OPTION PROLOGUE:NONE
OPTION EPILOGUE:NONE

_alloca proc stdcall public thesize:dword, alignm:dword
pop ecx ; pops the return address
pop eax ; thesize
pop edx ; align
sub esp, eax
neg edx
and esp, edx
mov eax, esp
push ecx ; re-push the return address in the top of stack
ret
_alloca endp

OPTION PROLOGUE:PrologueDef
OPTION EPILOGUE:EpilogueDef

p0 proc dummy1, dummy2, allocSize
Local pFatBuffer, a16:BYTE
  invoke _alloca, allocSize, 32
  mov pFatBuffer, eax
  test al, 15
  setne a16
  .if Zero?
movaps [eax], xmm0
  .else
movups [eax], xmm0
  .endif
  mov dword ptr [eax], 11111111h
  mov edx, allocSize
  mov dword ptr [eax+edx-4], 33333333h
  shr edx, 1
  mov dword ptr [eax+edx], 22222222h
  movsx ecx, a16
  mov eax, pFatBuffer
  ret
p0 endp

start proc
LOCAL loops : dword
LOCAL allobytes : dword
LOCAL oldEsp : dword

mov loops, 50000
mov allobytes, 831875

mov oldEsp, esp
mov eax, 850000
invoke _chkstk
mov esp, oldEsp
mov ebx, loops-1

.Repeat
invoke p0, 123, 456, allobytes
dec ebx
.Until Sign?


ret
start endp

end start

end



jj2007

Quote from: aw27 on May 21, 2017, 02:34:19 AMturn the reserved stack pages into committed pages at run time. And this is done by probing them.
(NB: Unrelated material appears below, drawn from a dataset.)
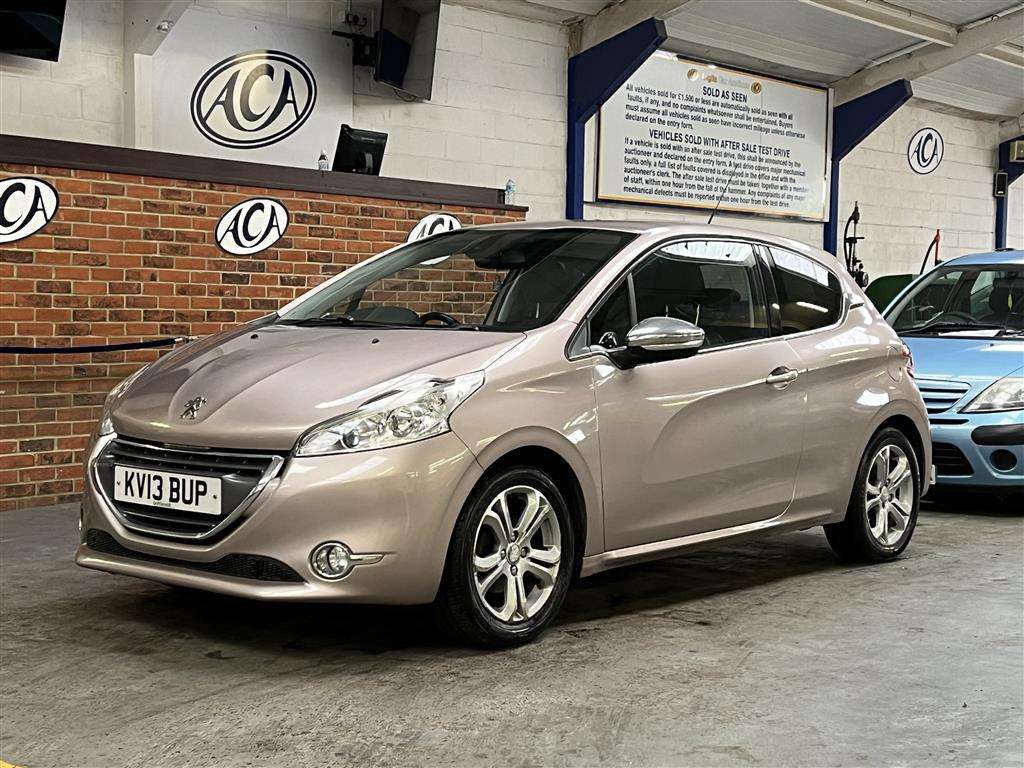 <p>2013 PEUGEOT 208 ALLURE</p>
Yes, this is what StackBuffer() does, too:
Quote- StackBuffer does the stack probing for you; up to about half a megabyte, it is significantly faster than HeapAlloc

The "significantly faster" refers to the zeroing version. The nz version is always a lot faster than *Alloc.

Btw chkstk = open source? It's not in the VC header files, but of course, disassembling would be easy.